Raw data.

◇ ◇ ◇

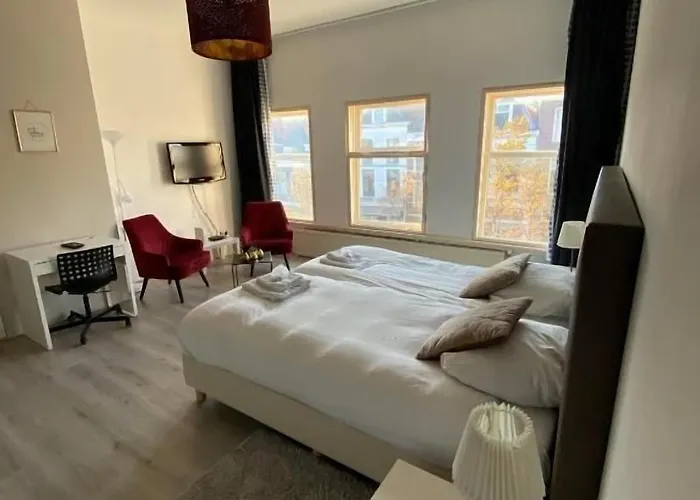 Bridges House - Centre Hotel 3*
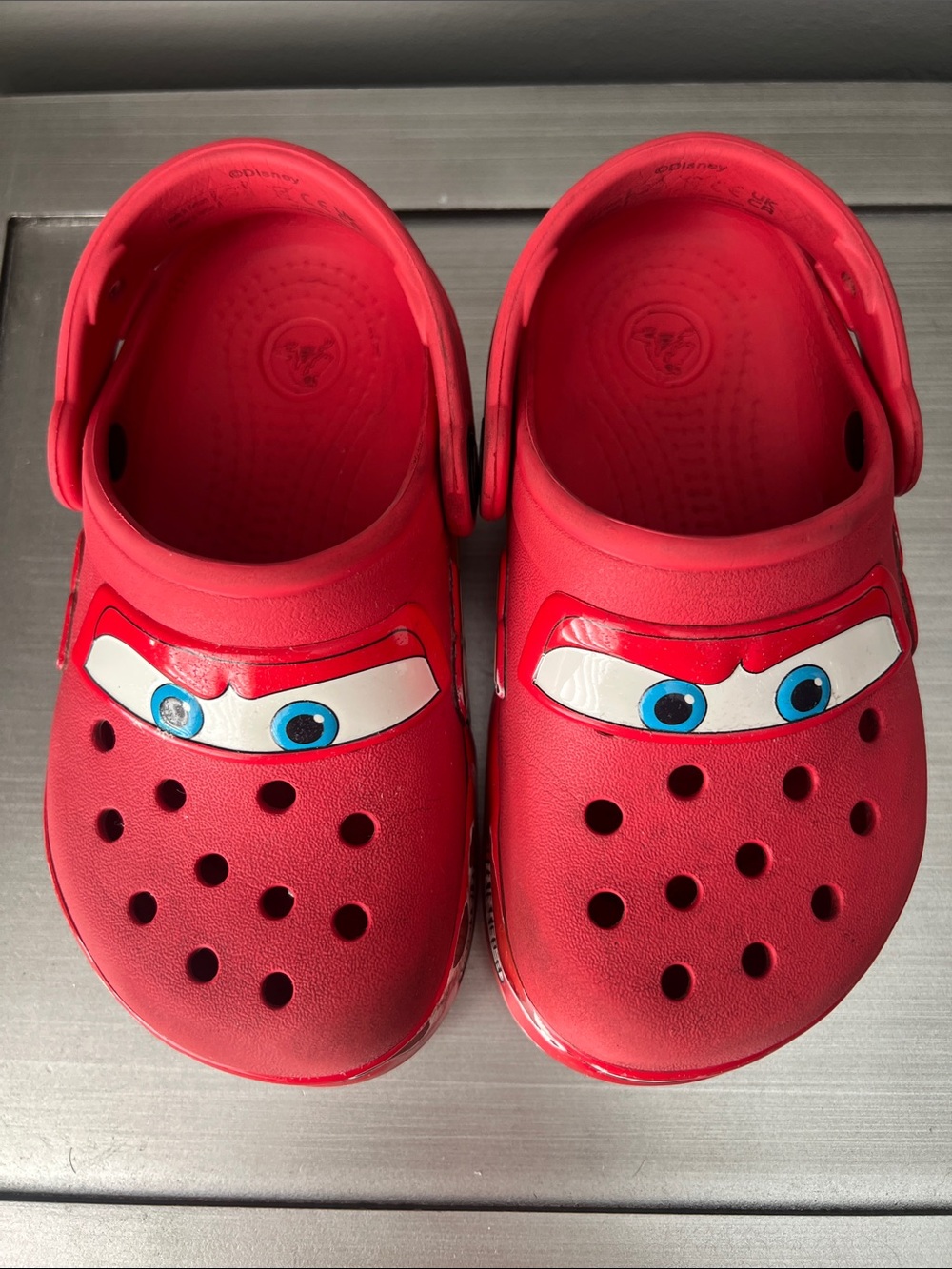 Lightning McQueen Classic Clog Crocs kids size c10. 100% authentic - Picture 4 of 15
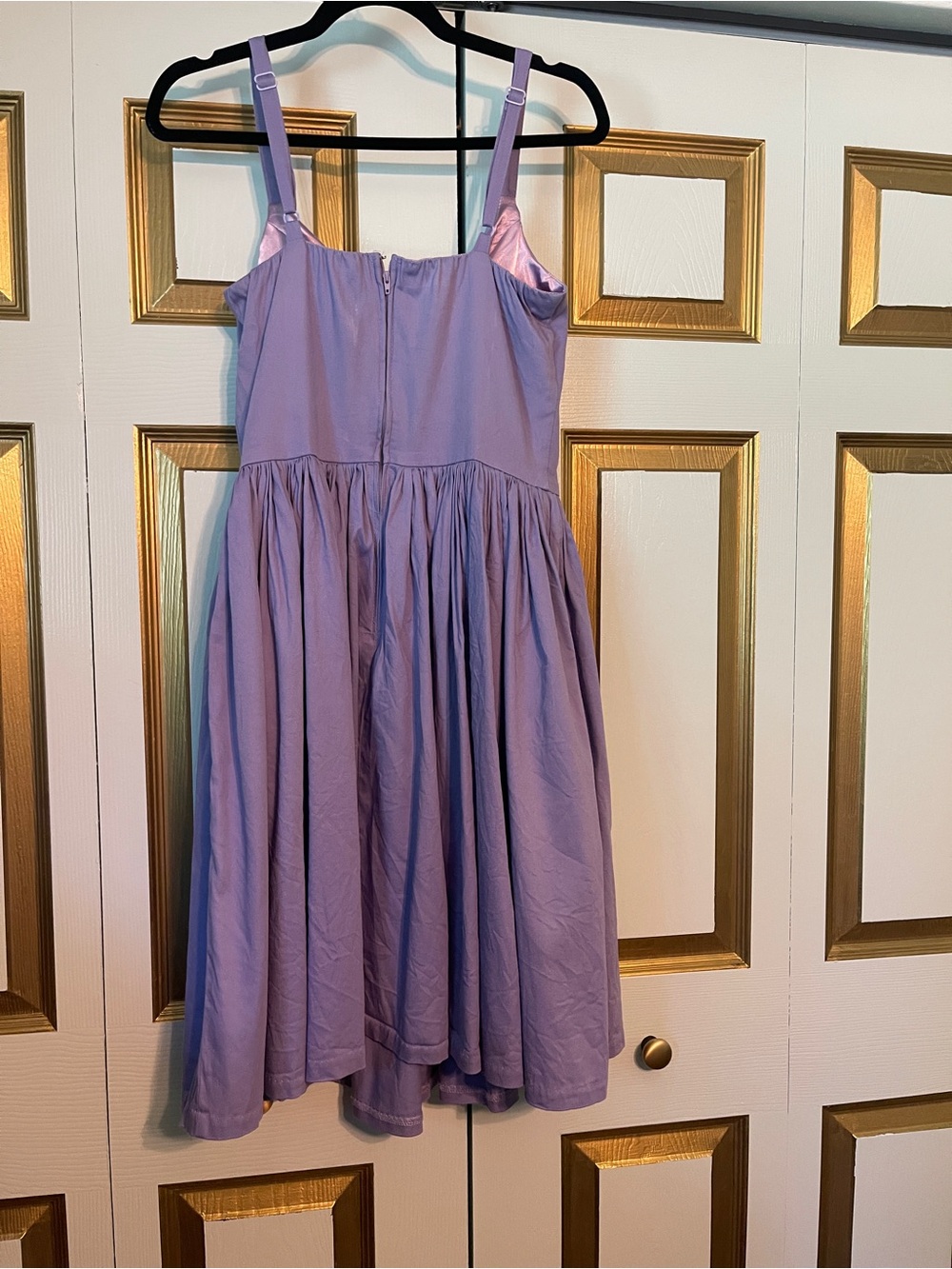 Pinup Couture Lilac Jenny Dress |Corset-type bodice, pockets, Full, Gather Skirt - Picture 3 of 7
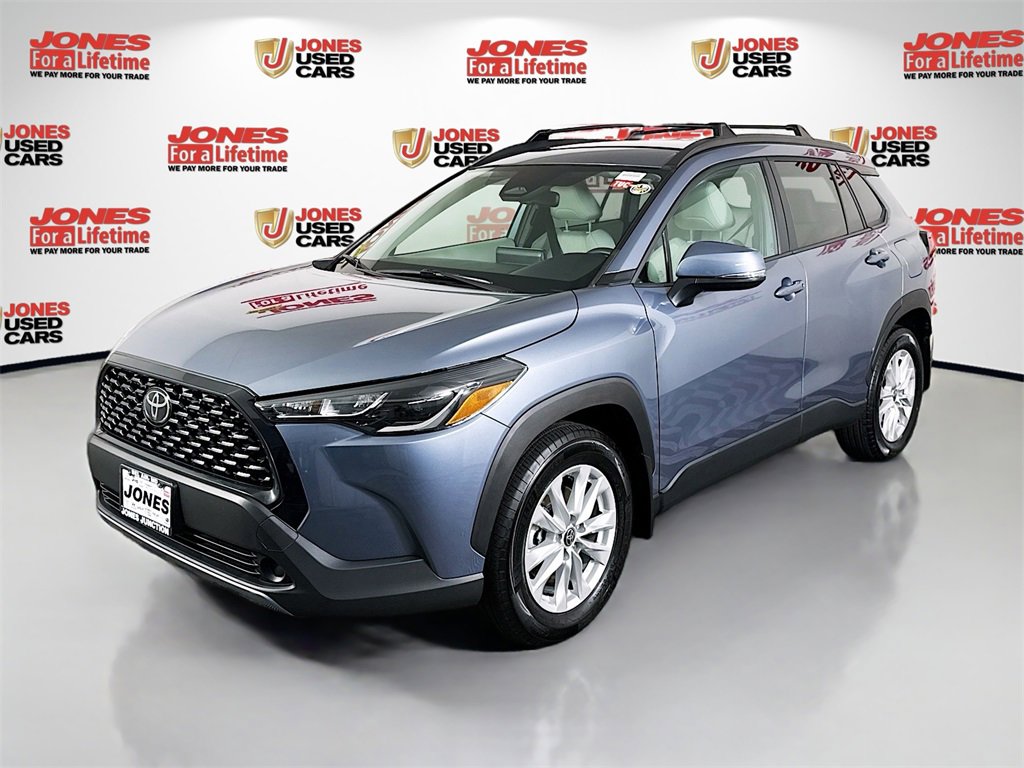 Certified 2024 Toyota Corolla Cross LE image 12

◇ ◇ ◇

Exercise prompt. Print the data exactly as written, dropping any images it holds.

Exercise result.
 Bridges House - Centre Hotel 3*
 Lightning McQueen Classic Clog Crocs kids size c10. 100% authentic - Picture 4 of 15
 Pinup Couture Lilac Jenny Dress |Corset-type bodice, pockets, Full, Gather Skirt - Picture 3 of 7
 Certified 2024 Toyota Corolla Cross LE image 12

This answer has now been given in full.